“I can’t see him! Does anyone have eyes on him?” The young sergeant desperately wipes dirt filled sweat from his quickly scanning eyes that strain behind scratched eye pro to see where the single sniper shot originated from. Panic fills his mind at the sight of his soldier laying in the rock walled path as he screams out in pain while clutching his shoulder from where the snipers round left its mark. Dark blood begins to clump beneath the fallen man’s body as it mixes with the Afghan farm dirt where corn is grown. Screaming from the civilians in the nearby village is heard as the mounted guns from the trucks on the road behind them begin engaging the suspected area where they thought the sniper was hiding. It’s the wild wild west where there is no law or security, only controlled chaos.

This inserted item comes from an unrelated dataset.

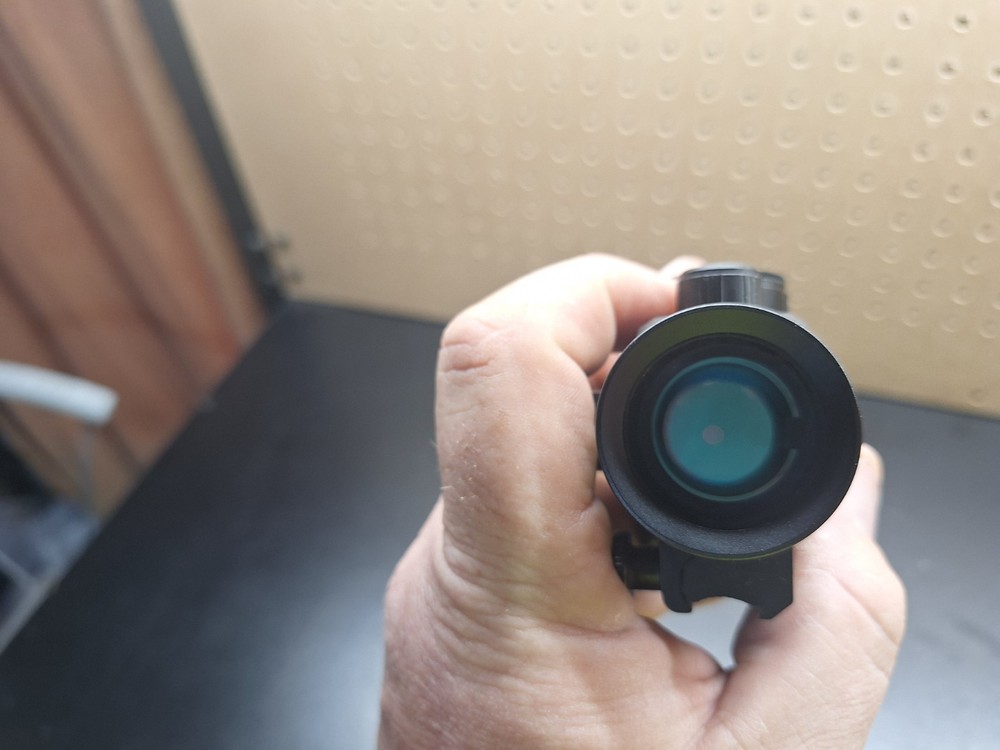 Optima 1x30 Red Dot Dovetail Mount Only. Works Great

Three years later that young sergeant peers out through his apartment window into the dark street light lit city below where people walk frantically to reach their destinations without any care or concern to those around them. Life runs at a fast pace and refuses to stop to recognize any individual or their wants. It’s keep up or starve. In his bed sleeps his young wife and their two year old that decided to invade their bed for the night. It’s been three years since his tour. Three years since he was faced with making decisions that had deep impacts on not only American lives, but Afghanistan civilian lives as well. The young sergeant is now a store manager at an automotive shop where he began working only a year prior, but managed to move himself up due to his work ethic, and ability to take charge and make the decisions needed to be made in order to make the business even more successful. His prolonged exposure to stress in combat rendered him untouchable and not affected by the stressors of work. His mind is honed and sharp, and his ability to perform under pressure is phenomenal.
What many fail to realize is that as veterans, we possess skills that were taught and honed in combat. Skills that cannot be learned through the study of books and the watching of instructional videos. Our minds are programmed to recognize the importance of getting the job done no matter what, and sleep comes to those that complete their missions successfully. We work long hours in incredibly adverse weather. Our drive is comprised of a sense of pride in self, pride in our work, and pride in our represented company. We hold ourselves to sometimes impossible standards, and then are self critical of ourselves when those standards aren’t met, yet turn around and continue to hold those high standards because failure isn’t something we like the taste of.
We’re a different breed when it comes to competitiveness. We don’t like to lose. We can’t stand it. The taste is bitter in our mouths and wreaks of second best. That’s not the culture we grew up in. We were trained to always strive to be first; be first in the squad run, bench the most during squad PT in the gym, shoot the best come qualification day, and ensure the company won during battalion challenges. Our mindset is derived from generations past of war fighters that trained and pushed themselves ten times harder in peace then in combat due to the understanding that to lose a soldier as a result of a negligent decision or action is not something to ever be taken lightly. It serves as a constant anchor that weighs down on the mind knowing that you were the influencer that led to another man’s death.
Our mindsets don’t have to change once we take the uniform off. Where is it written that we can no longer be alphas and go getters? We do not have to conform to a low standard, but instead we should show how we are accustomed to living up to a higher standard; be it moral, ethical, or physical. Our abilities to adapt and overcome surpass that of any second rate citizen that is too lazy to work for what they want, but the key word here is work. We are not owed anything, and should not be of the mindset to expect anything freely given to us. Each one of us raised our hands in a voluntary act and swearing an oath to our country. To expect repayment for this negates the idea of sacrifice.
Above all, America needs us. She needs us to breath fresh life back into her by being the model citizens to stand up for what’s right, help those that cannot help themselves, and rejoining the workforce in order to take our place as free Americans by supporting our fellow countrymen.